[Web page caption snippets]
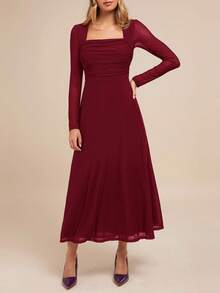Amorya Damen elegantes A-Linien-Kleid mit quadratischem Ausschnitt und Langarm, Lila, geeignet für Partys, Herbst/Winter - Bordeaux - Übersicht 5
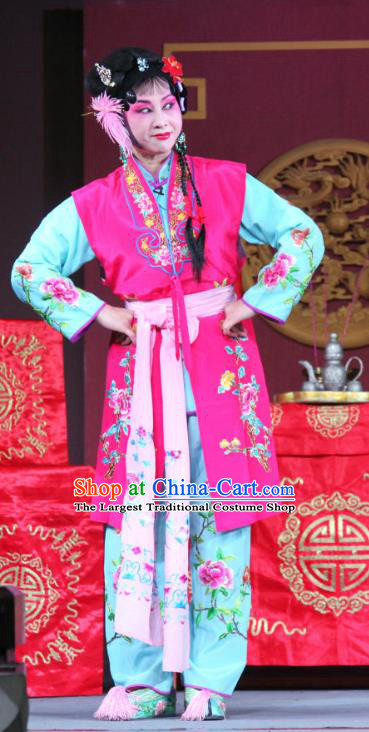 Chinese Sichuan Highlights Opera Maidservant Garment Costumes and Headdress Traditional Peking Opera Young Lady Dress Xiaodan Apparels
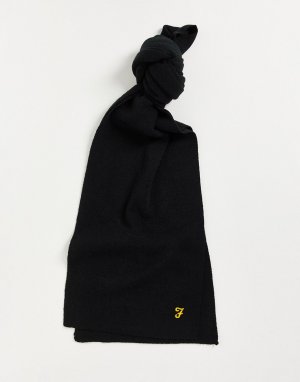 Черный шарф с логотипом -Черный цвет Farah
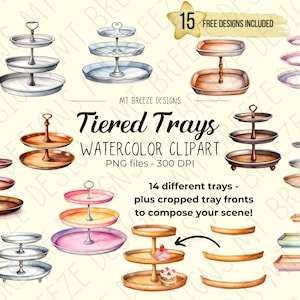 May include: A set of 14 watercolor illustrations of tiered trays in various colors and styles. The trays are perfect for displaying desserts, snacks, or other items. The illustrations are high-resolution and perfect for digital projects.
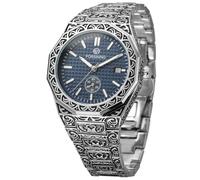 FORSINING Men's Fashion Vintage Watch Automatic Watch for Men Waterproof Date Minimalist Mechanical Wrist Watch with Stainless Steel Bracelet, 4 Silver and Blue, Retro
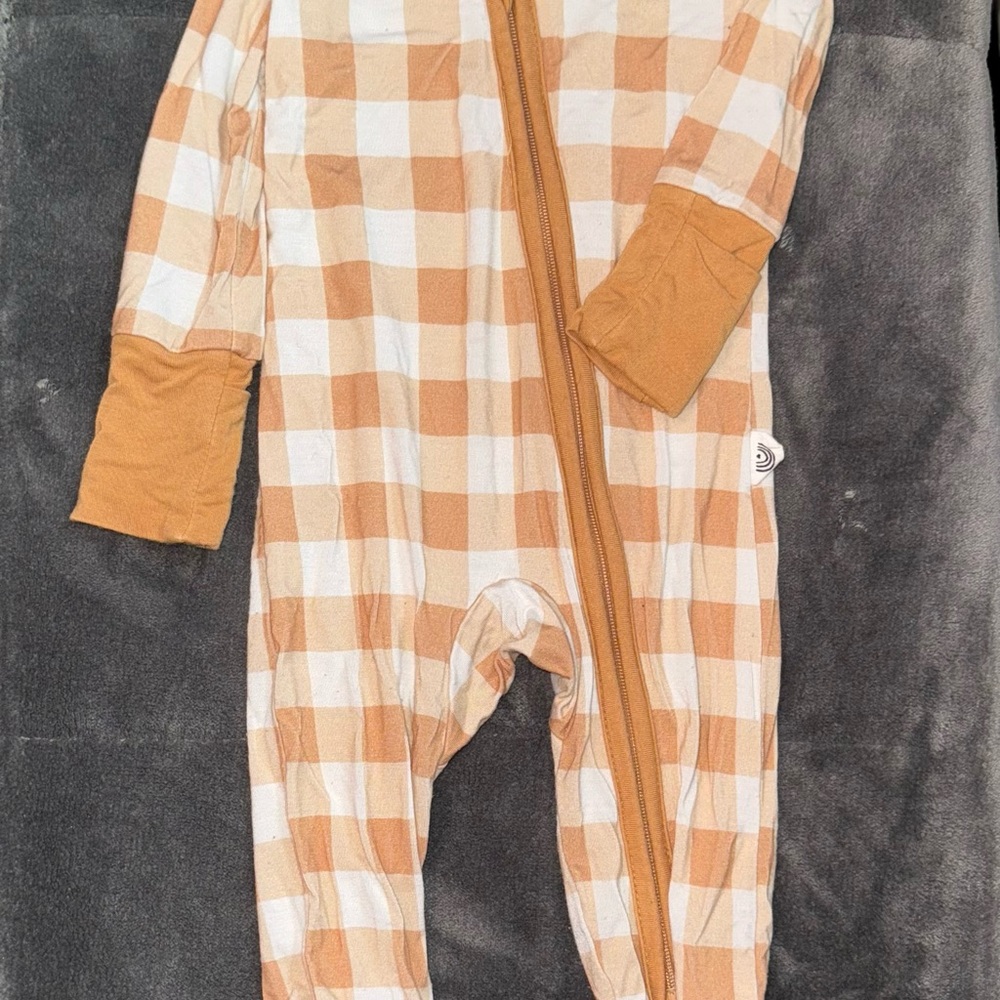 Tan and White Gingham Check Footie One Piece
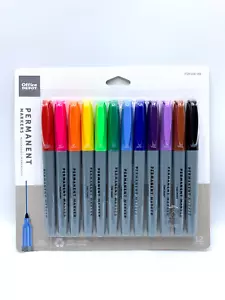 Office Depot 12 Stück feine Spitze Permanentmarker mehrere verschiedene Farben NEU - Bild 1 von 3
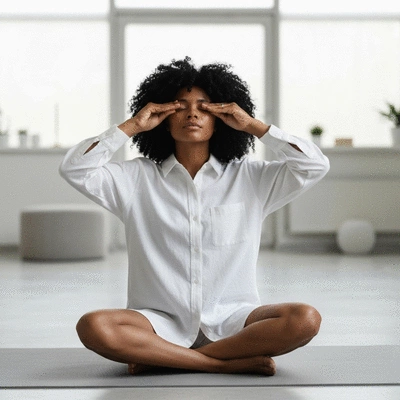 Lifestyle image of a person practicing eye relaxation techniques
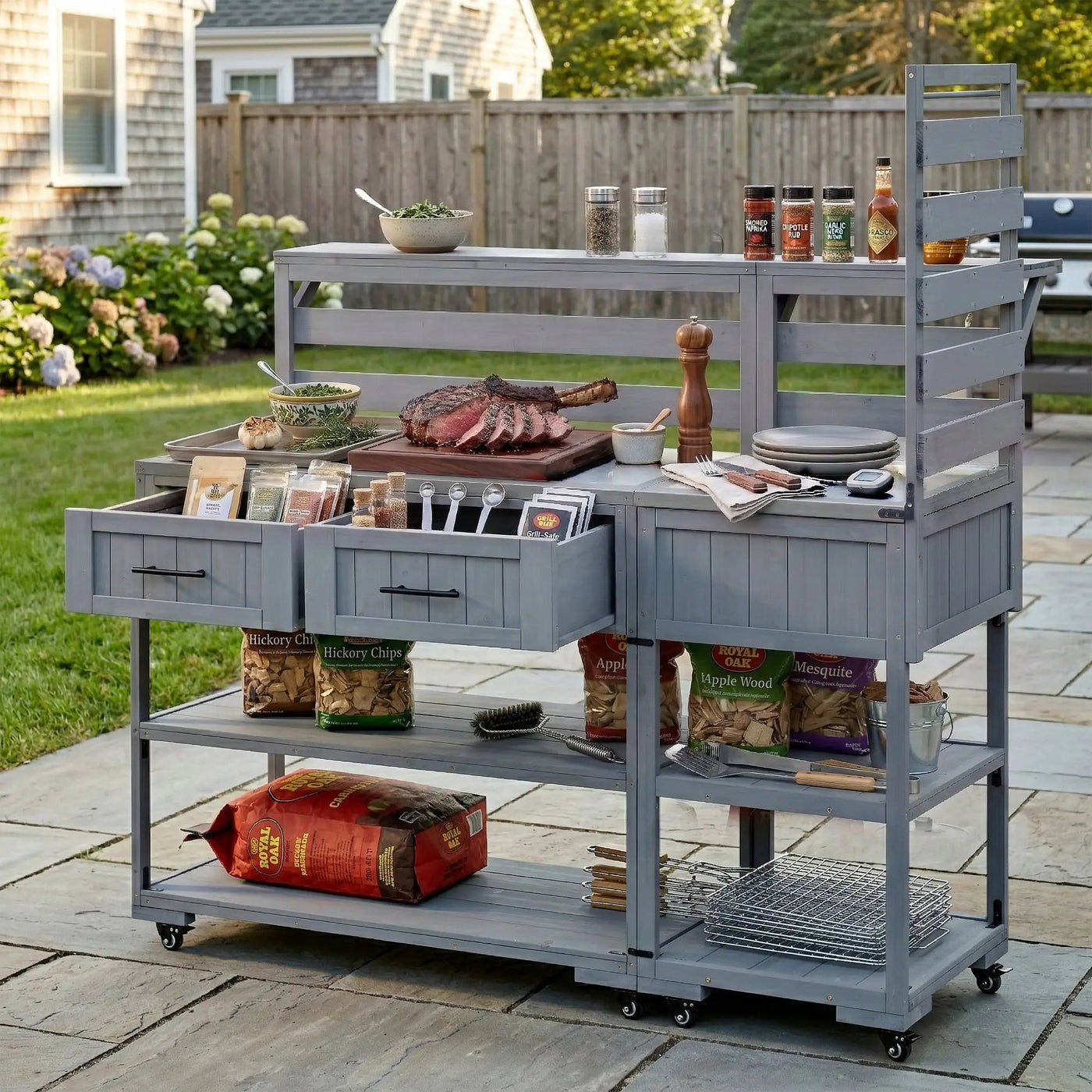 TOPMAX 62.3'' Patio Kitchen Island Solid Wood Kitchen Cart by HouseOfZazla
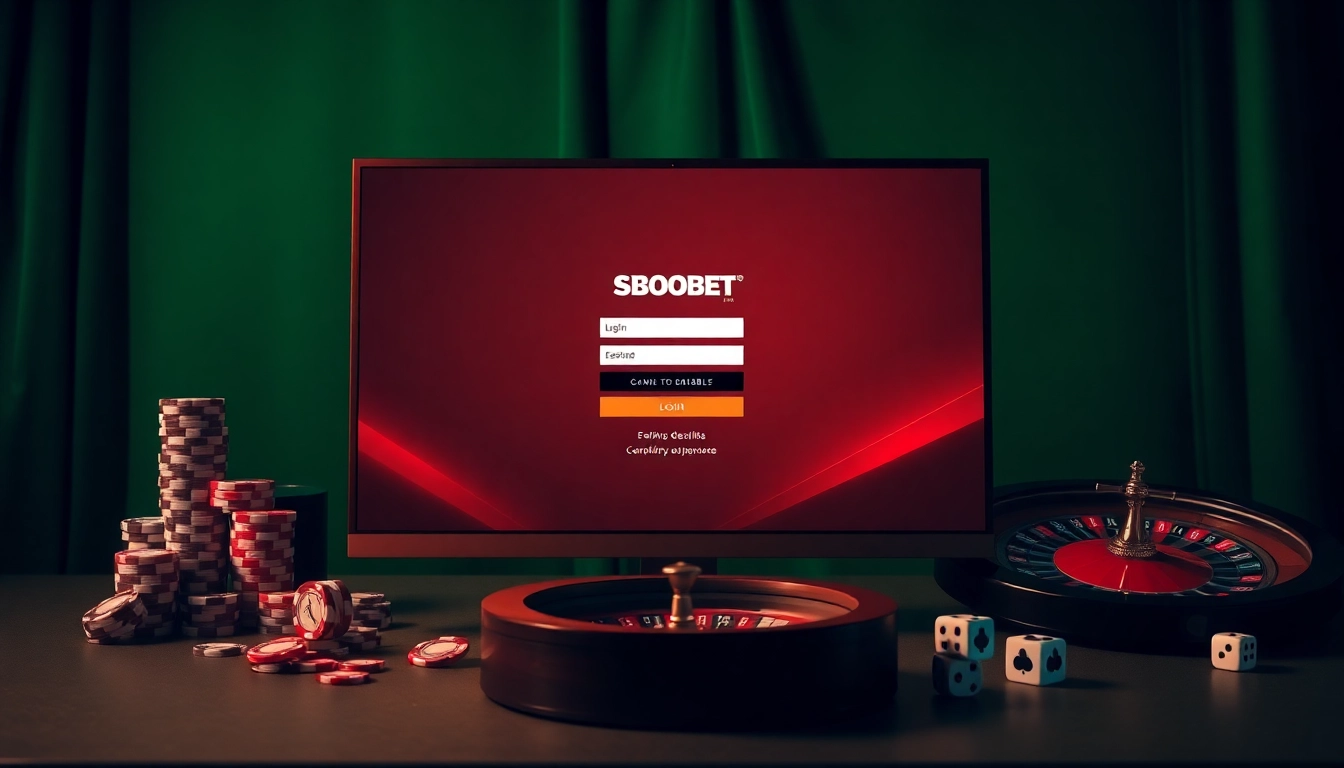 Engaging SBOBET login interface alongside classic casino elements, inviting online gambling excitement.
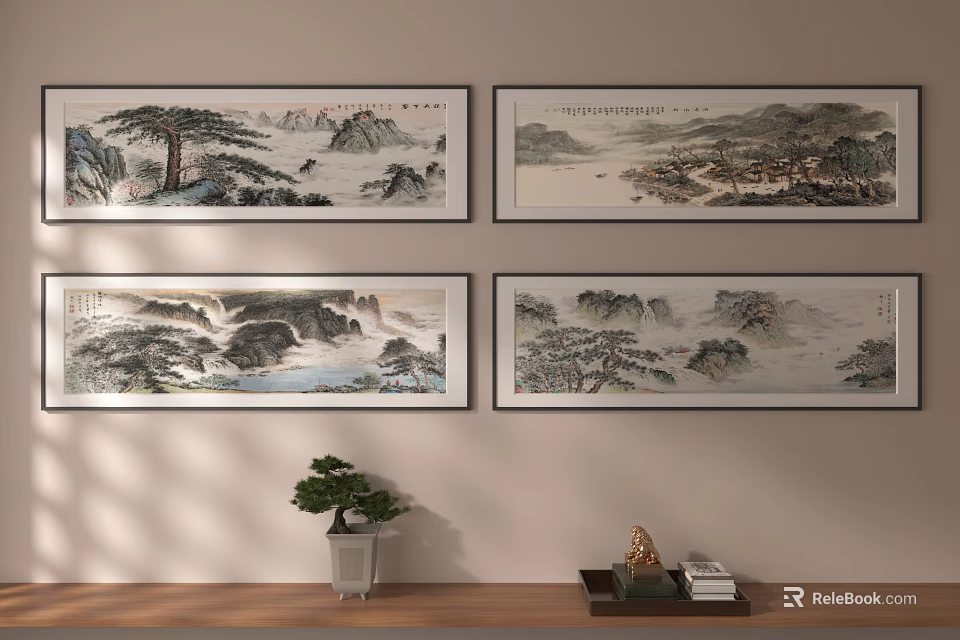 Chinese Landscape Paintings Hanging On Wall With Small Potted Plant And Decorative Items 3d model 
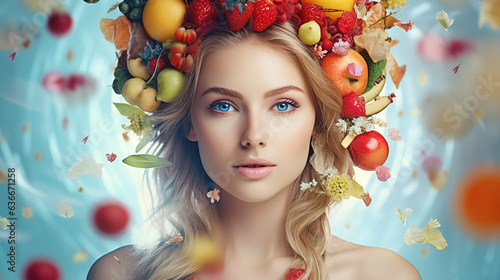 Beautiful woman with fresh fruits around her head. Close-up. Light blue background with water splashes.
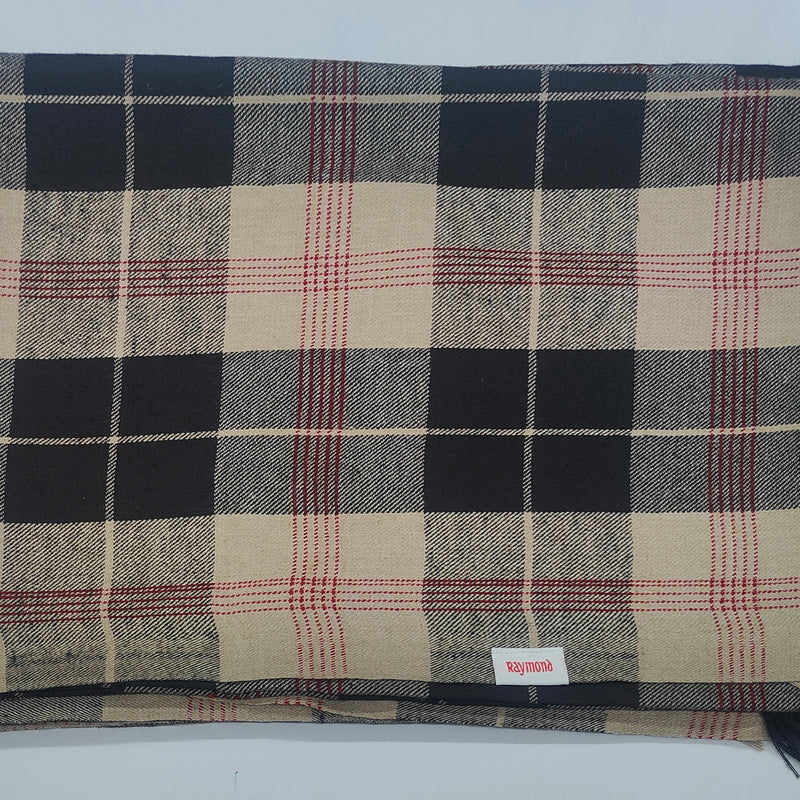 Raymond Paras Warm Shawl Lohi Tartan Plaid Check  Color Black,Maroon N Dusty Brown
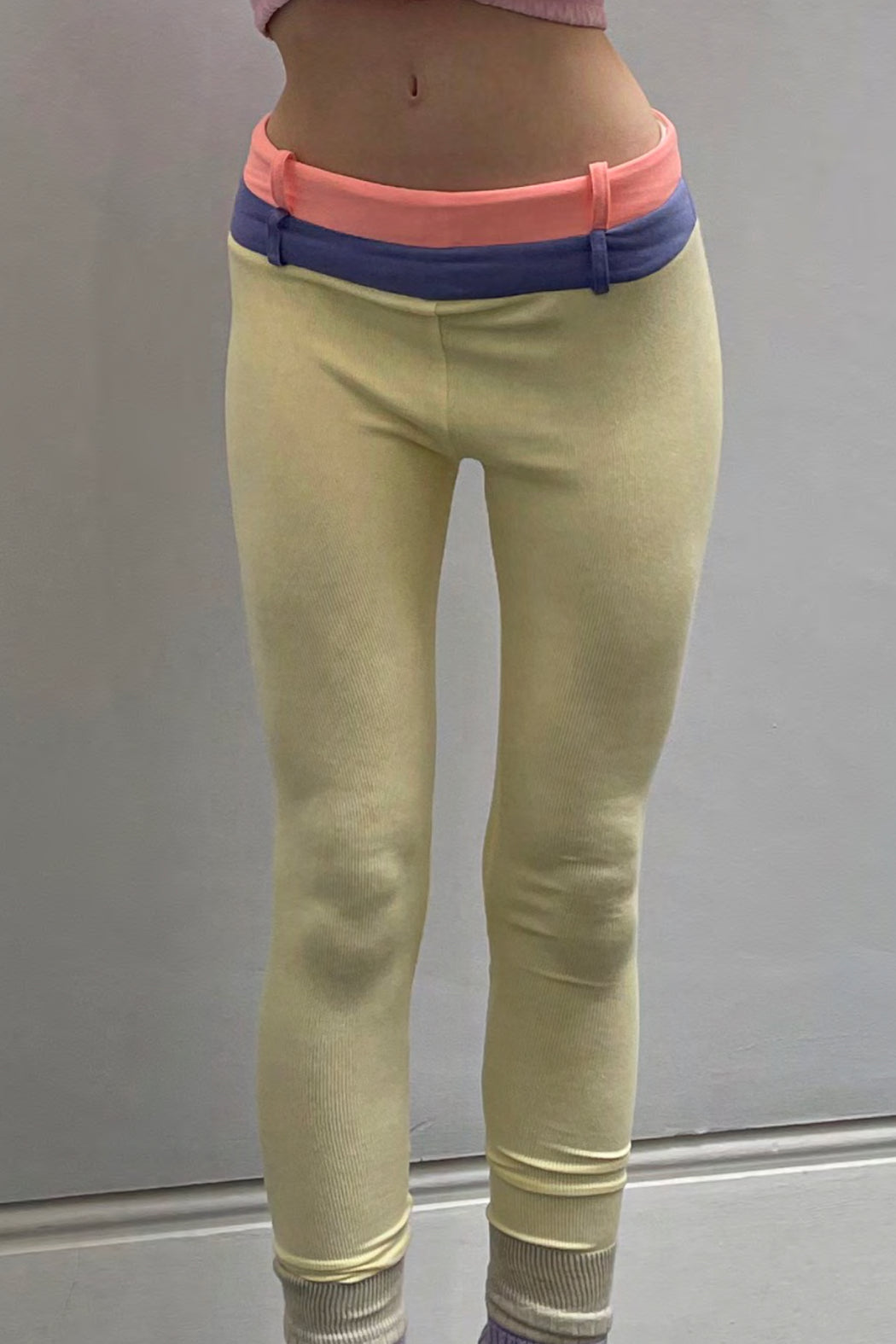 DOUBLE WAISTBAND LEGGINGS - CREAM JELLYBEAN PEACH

Your goal: Look above for the line with "FORSINING Men's Fashion" and the line with "TOPMAX 62.3'' Patio". Give again exactly those two lines and all lines between them, pictures excluded.

Result of the exercise:
 FORSINING Men's Fashion Vintage Watch Automatic Watch for Men Waterproof Date Minimalist Mechanical Wrist Watch with Stainless Steel Bracelet, 4 Silver and Blue, Retro
 Tan and White Gingham Check Footie One Piece
 Office Depot 12 Stück feine Spitze Permanentmarker mehrere verschiedene Farben NEU - Bild 1 von 3
 Lifestyle image of a person practicing eye relaxation techniques
 TOPMAX 62.3'' Patio Kitchen Island Solid Wood Kitchen Cart by HouseOfZazla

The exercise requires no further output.